As a marine biology major, Mikaela Edwards was eager to be part of a team of students whose research brought them in daily contact with great white sharks, bottlenose dolphins, and humpback whales.
“After this experience, I said, ‘this is what I want to do with my future,’” said Edwards, a 2014 graduate (B.S., Marine Biology) of the Farquhar College of Arts and Sciences, who spent four weeks in December 2013 participating in a unique student learning and research program at Oceans Research Institute in Mossel Bay, South Africa.
Working with scientists and graduate students, Edwards was one of about 20 undergraduate students from around the world who participated in diverse conservation and research projects focusing on the marine species inhabiting Mossel Bay.
Research at the institute focuses on local sharks, whales, dolphins, seals, and fish species. Great white sharks frequent the bay to hunt for seals, fish, and bottlenose dolphins. The institute operates a shark research laboratory and a shark aquarium.
“We assisted and participated in many different projects,” Edwards said. “Our main job was to lure the sharks closer to the boat [by dragging bait behind it] so we could get a detailed look at the sharks with an underwater camera. We all did different jobs. Someone dragged the chum bait. Someone took the photos. Someone was the ‘spotter.’ The water was beautifully clear.”
The photographs help scientists determine a shark’s size, gender, and distinguishing characteristics such as scars or deformities, as well as estimate the size of the bay’s shark population.
“We spotted one shark [about 15 feet long] with a giant hook in its pectoral fin,” Edwards said.
Edwards also assisted in tagging and tracking dolphins and whales. She learned how to skipper a boat and about aquarium care, including monitoring the water, feeding the animals, and cleaning the tanks. She took part in an African game safari and kept a field journal.
“We had classes at night on how to take photos, collect data, come up with a thesis study, and do what an actual researcher would do,” she said.

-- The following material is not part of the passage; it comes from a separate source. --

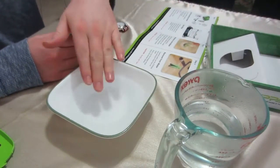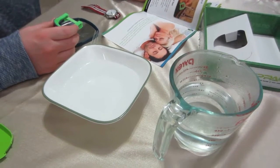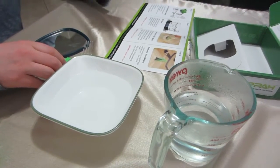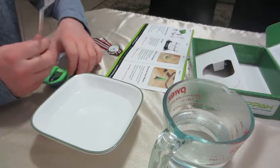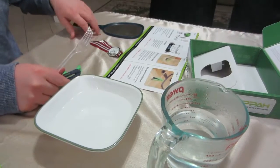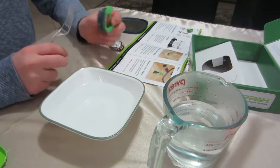We have the hot water here and cold water here. Officially the instructions say that after it's in the hot water I'm supposed to put it under a running faucet, but this should be fine. I have my stopwatch, a utensil here to hold it in the hot water as it tends to float, and a mirror so I can watch and make sure I do it correctly.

Edwards, who is from New Hampshire, came to NSU to pursue a passion for marine science––an interest sparked by her father and ignited by her professors at the college. She is also pursuing a minor in marine ecology.
“I got a great taste of this during my research in South Africa,” she said. “Before, I wanted to go to veterinary school for marine mammals. This experience changed me. Now, I would like to be involved in an institute like this and be able to do my own research.
“This type of research and hands-on learning gives you the experience that can be a push forward or let you step back and rethink what you want to do in your future,” Edwards said.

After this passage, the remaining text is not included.